There has been much unwarrented speculation among my friends and family as to the origin of Carmelita.
Carmelita came to live with me some time in the early 1990's. She has graced my walls for nearly ten years thanks to a bet, of sorts, with a friend.
Janet and I debated amongst ourselves about who knew the ugliest cemetery. My contender was the cemetery in O'Donnell, Texas. When I was a kid and family members were being planted there right and left, I remember it as a sandy, weedy, wind-swept place. It was hot. And very, very dry.
One Saturday we packed lunch (and Gerald) and set off for O'Donnell. I have to admit I was disappointed.
Somewhere through the years the home town of Hoss Cartwright had developed enough civic pride to start a cemetery association. The graveyard was clean and apparently had been watered on a fairly regular basis. There was actual green grass.

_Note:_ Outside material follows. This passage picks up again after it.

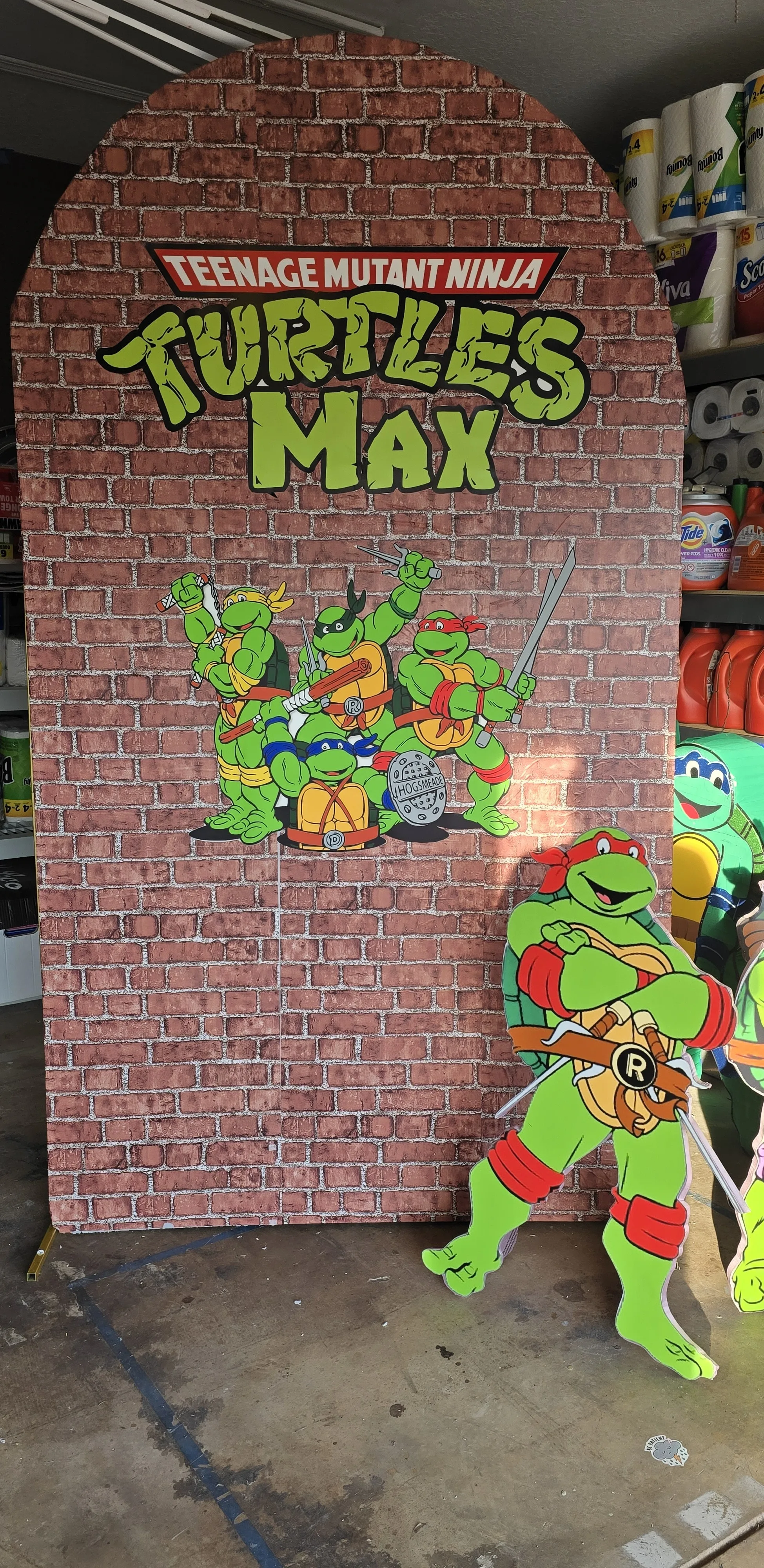 PVC Retro Red-brown Brick Pattern Oil-proof Self-adhesive Waterproof Wall Paste Dormitory Living Room Background Wallpaper Home photo review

We explored a bit and found the trash pile in a back corner. I saw something sitting atop a mound of rotting flowers. It was half of a large wooden cross. It was missing its right arm, which I found further down in the pile. The cross was obviously handmade and the inscription consisted of a single word - Carmelita. The bottom of the cross was caked with oily mud from where it had been ripped from the ground and tossed away.
Janet helped me load Carmelita into the car and we brought her home. She has presided over my house ever since. I've never know her to cause any mischief, but I think that's because she likes me. And she knows if the house ever catches fire, she will be the first thing I save on my way out the door.
One of these days I am going back to the O'Donnell Cemetery. Partly to pay respects to three generations of my family buried there and partly to look for Carmelita's grave. Hopefully hers is not one of the 74 un-marked graves.